LEITURA DE VERBETE - JOANINHA

 


JOANINHA



AULA 2 ANO CENTRO DE MÍDIAS SÃO PAULO


08/09 - 2º ano EF - Língua Portuguesa - Verbete













15 setembro, 2020

O Leão e o Javali

 

O Leão e o Javali

Esopo

    Num dia muito quente, um leão e um javali chegaram juntos a um poço. Estavam com muita sede e começaram a discutir para ver quem beberia primeiro.

    Nenhum cedia a vez ao outro. Já iam atracar-se para brigar, quando o leão olhou para cima e viu vários urubus voando.

— Olhe lá! — disse o leão. — Aqueles urubus estão com fome e esperam para ver qual de nós dois será derrotado.

— Então, é melhor fazermos as pazes — respondeu o javali. — Prefiro ser seu amigo a ser comida de urubus.


Moral da História

Diante de um perigo maior, é melhor esquecer as pequenas rivalidades.






A Formiga e a Pomba

 



A Formiga e a Pomba

Esopo

Uma formiga sedenta chegou à margem do rio, para beber água. Para alcançar a água, precisou descer por uma folha de grama. Ao fazer isso, escorregou e caiu dentro da correnteza.

Pousada numa árvore próxima, uma pomba viu a formiga em perigo. Rapidamente, arrancou uma folha de árvore e jogou dentro do rio, perto da formiga, que pôde subir nela e flutuar até a margem.

Logo que alcançou a terra, a formiga viu um caçador de pássaros, que se escondia atrás de uma árvore, com uma rede nas mãos. Vendo que a pomba corria perigo, correu até o caçador e mordeu-lhe o calcanhar. A dor fez o caçador largar a rede e a pomba fugiu para um ramo mais alto.

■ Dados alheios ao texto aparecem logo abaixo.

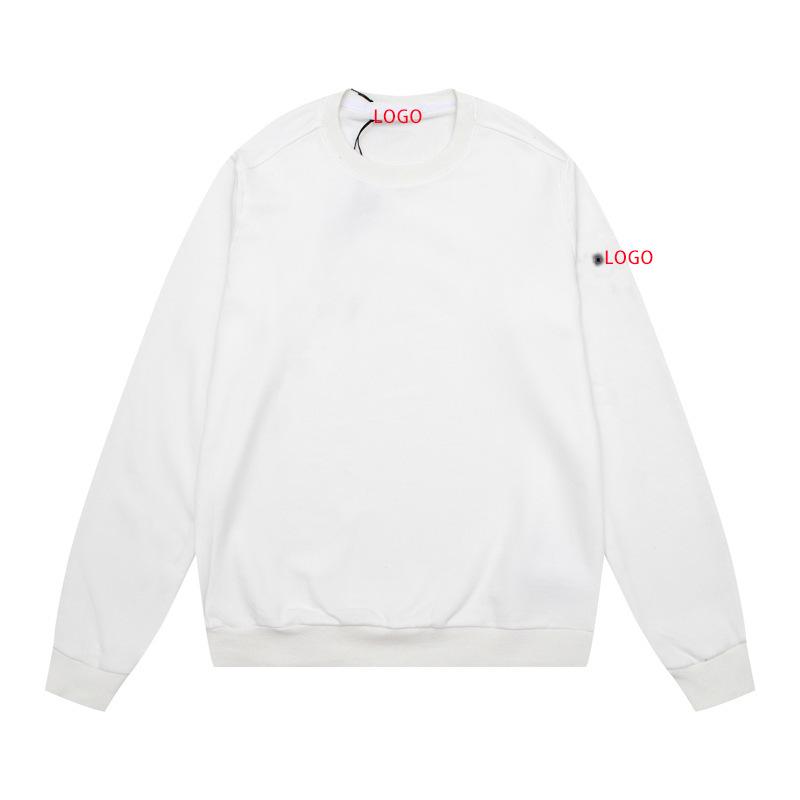 Унисекс Stone Compass Badge Базовый пуловер-свитшот - Высококачественный повседневный дизайн с круглым вырезом для комфорта в любое время года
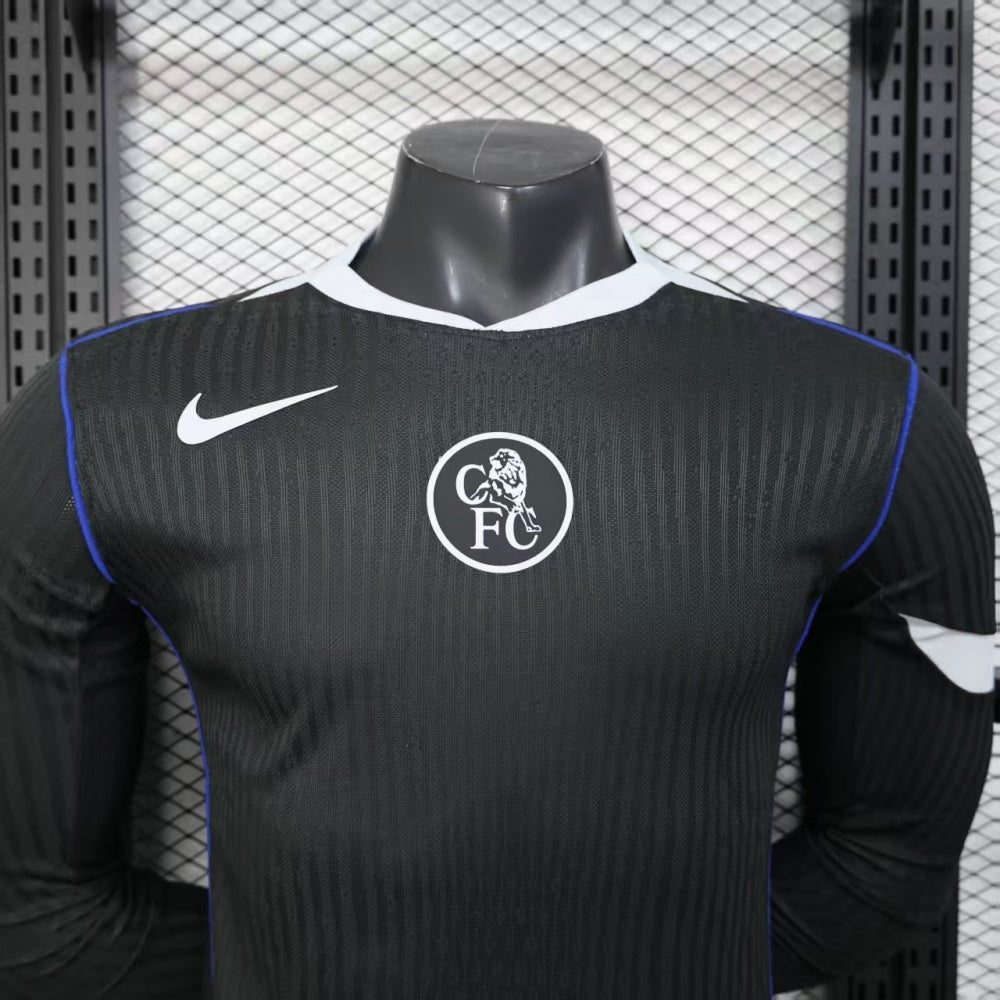 Chelsea Jersey 25/26 Third Football Kit Player Version Long Sleeves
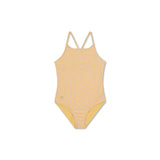 Swim Essentials Florish Yellow Swimsuit For Girls | Kids Swimwear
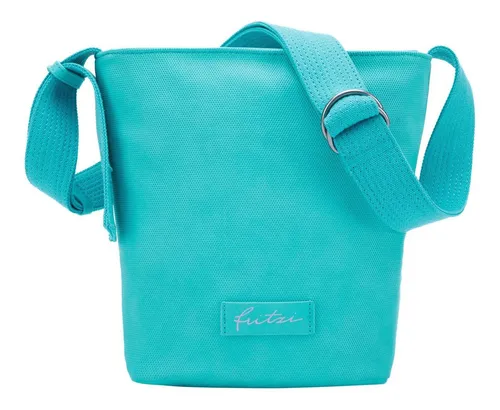 Fritzi aus Preußen Umhängetasche Sumo02 - Moderne Umhängetasche in Cyan mit stufenlos verstellbarem Schulterriemen. Geräumiges Hauptfach für alle Alltagsgegenstände - ideal für stilbewusste Frauen.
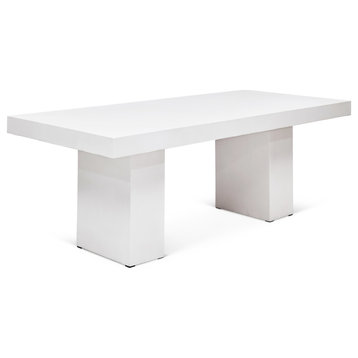 Elcor Dining Table, Ivory, 83"
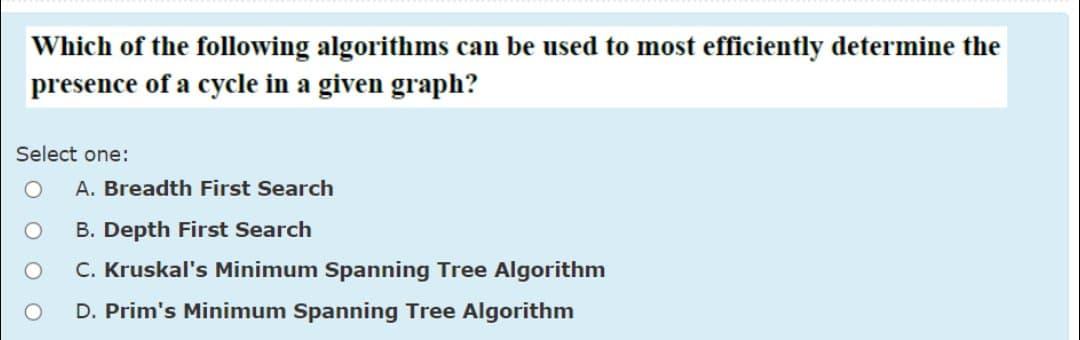 Solved Which of the following algorithms can be used to most | Chegg.com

De lá, ela arrulhou para a formiga:

— Obrigada, querida amiga.

Moral da História

Uma boa ação se paga com outra.




O Galo e a Pérola

 


O Galo e a Pérola

Esopo

    Um galo estava ciscando, procurando o que comer no terreiro, quando encontrou uma pérola. Ele então pensou:

— Se fosse um joalheiro que te encontrasse, ia ficar feliz. Mas para mim uma pérola de nada serve; seria muito melhor encontrar algo de comer.

    Deixou a pérola onde estava e se foi, para procurar alguma coisa que lhe servisse de alimento.


    Moral da História.

Às vezes, o que é precioso para um não tem valor para outro.





A Raposa e as Uvas

 



A Raposa e as Uvas

Esopo

    Uma raposa passou embaixo de uma parreira carregada de lindas uvas. Ficou com muita vontade de comer aquelas uvas. Deu muitos saltos, tentou subir na parreira, mas não conseguiu. Depois

de muito tentar, foi-se embora dizendo:

— Eu nem estou ligando para as uvas. Elas estão verdes mesmo…

Moral da história

Quem desdenha quer comprar.




14 setembro, 2020

O GALO E RAPOSA

Peças de Teatro - O Galo e a Raposa - Artigonal


O GALO E RAPOSA

    O galo e as galinhas viram que lá longe vinha uma raposa. Empoleiraram-se na árvore mais próxima, para escapar da inimiga.

 Com sua esperteza, a raposa chegou perto da árvore e se dirigiu a eles:

 — Ora, meus amigos, podem descer daí. Não sabem que foi decretada a paz entre os animais?  Desçam e vamos festejar esse dia tão feliz!

 Mas o galo, que também não era tolo, respondeu:

 — Que boas notícias! Mas estou vendo daqui de cima alguns cães que estão chegando. Decerto eles também vão querer festejar.

 A raposa mais que depressa foi saindo:

 — Olha, é melhor que eu vá andando. Os cães podem não saber da novidade e querer me atacar.


Moral da História:  É preciso ter cuidado com amizades repentinas.